Autrefois simple contrée façonnée par la nature, le Gâtinais devint, au fil des siècles, une province à l’identité marquée. Avant que la Révolution ne redessine la carte du royaume, il se partageait entre le Gâtinais français, dont la capitale était Nemours, et le Gâtinais orléanais, placé sous l’autorité de Montargis. À l’extrémité orientale de cette ancienne province, à proximité de l’ancien comté de Sens, l’actuel Gâtinais en Bourgogne s’étire entre les vallées de l’Yonne et du Loing, mêlant les traits distinctifs des terres qu’il borde.
Étymologie
L’origine du nom « Gâtinais » demeure sujette à plusieurs interprétations. Les documents médiévaux en bas latin mentionnent la région sous l’appellation pagus vastinensis, un terme dérivé de l’ancien français gast, signifiant « terrain inculte ». D’autres hypothèses s’appuient sur les différentes acceptions du mot latin vastus. Certains historiens y voient une allusion à l’étendue du territoire, qui se distinguait ainsi par son importance géographique, tandis que d’autres, au contraire, évoquent un « pays dévasté », ravagé par les invasions successives des Ve et VIe siècles, qui auraient marqué durablement le paysage et l’organisation du territoire.
Préhistoire
Le Paléolithique, débutant il y a 500 000 ans et s’achevant 7 000 ans avant notre ère, est marqué par une civilisation nomade vivant de chasse et de cueillette. Vers -40 000 ans, l’homme de Néandertal s’installe dans les vallées, notamment à Lorrez-le-Bocage, où il façonne des outils en silex. Il disparaît avec l’arrivée de Cro-Magnon, dont les campements révèlent un outillage plus sophistiqué.

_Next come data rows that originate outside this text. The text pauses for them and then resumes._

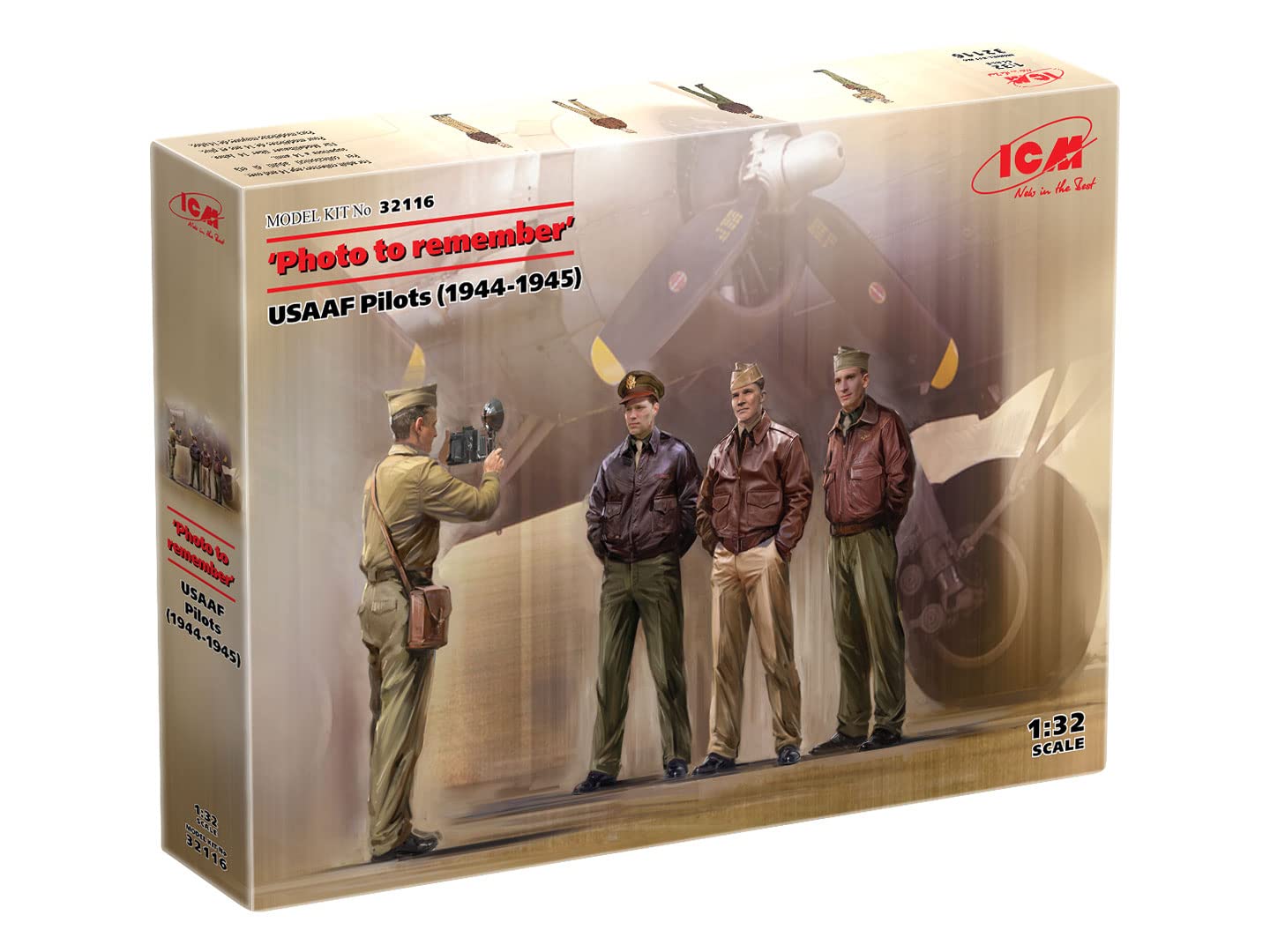 ICM 32116 Plastic Military Figure Models Photo to Remember', USAAF Pilots (1944-1945) - Scale 1:32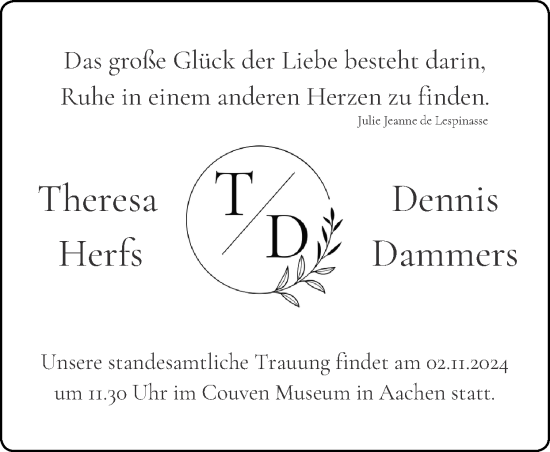 Glückwunschanzeige von Theresa und Dennis  von Zeitung am Sonntag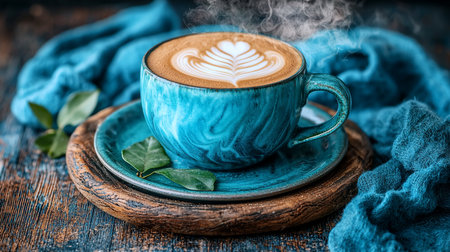 A hot, steaming cappuccino with delicate heart-shaped latte art, served in a vibrant turquoise marbled ceramic cup and saucer.の素材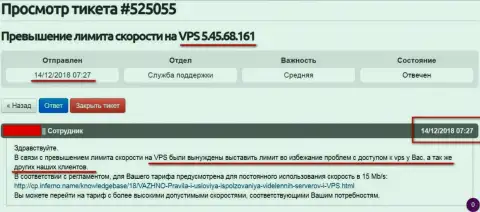 Хостер провайдер сообщил, что VPS сервера, где хостился web-ресурс Фридом-Финанс.Про лимитирован в доступе
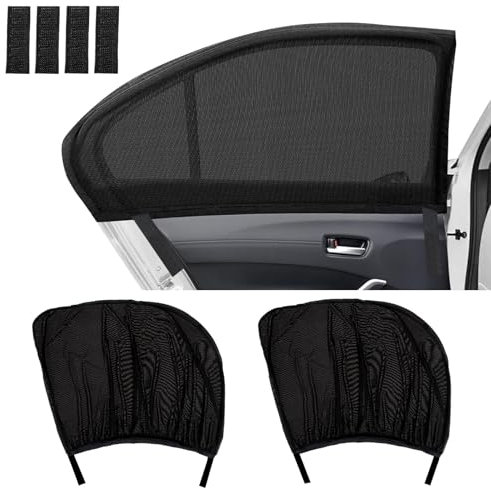 Parasole Auto Finestrini, 2 Pezzi Tendina Parasole Auto Bambini, 60x50cm Oscuranti Finestrini Auto, Copri Finestrini Auto, Tendine Auto Oscuranti Posteriori Adatto Bloccare Luce Sole Polvere Zanzare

Avec le Néolithique, les hommes se sédentarisent grâce à l’agriculture et à l’élevage. Vers 2 000 av. J.-C., la civilisation se développe, marquée par les premiers défrichements et les mégalithes. Plusieurs de ces monuments témoignent de cette présence sur le territoire :
- La Pierre Pointe, à Montacher-Villegardin, qui fut, jusqu’au Moyen Âge, une borne de délimitation entre différents fiefs ;
- La Pierre Aiguë, à Savigny-sur-Clairis ;
- Le Menhir des Rivaux, à Égriselles-le-Bocage.
Époque romaine
Pendant les périodes gauloise puis gallo-romaine, les habitants du Gâtinais font partie de la peuplade des Sénons, dont le territoire s’étend entre celui des Carnutes à l’ouest (Chartres) et celui des Tricasses à l’est (Troyes). Sous l’autorité romaine, les agglomérations se développent, laissant de nombreux vestiges, notamment :
- Un amphithéâtre à Sens, ainsi que des thermes, un forum et des mosaïques ;
- Les trois ponts romains de Chéroy, qui enjambent le Lunain ;
- Le Chemin de César, nom donné à la voie romaine qui reliait Sens à Orléans, et qu’on peut encore parcourir de nos jours ;
- Une ville romaine enfouie sous les cultures de Saint-Valérien, avec thermes, ateliers et sanctuaires, révélée par des fouilles archéologiques.
Époque médiévale
Au Moyen Âge, le Gâtinais se couvre de villages, d’églises et de châteaux. Dès le XIe siècle, la croissance démographique, favorisée par un climat plus clément, façonne des bourgs autour des villae carolingiennes, dont beaucoup conservent le préfixe « Ville- » (Villebougis, Villeneuve-la-Dondagre, Villeroy, Villethierry). La paroisse, avec son église et son curé, structure la vie sociale, tandis que la place du village, souvent devant l’église, devient un centre d’échanges et de décisions collectives.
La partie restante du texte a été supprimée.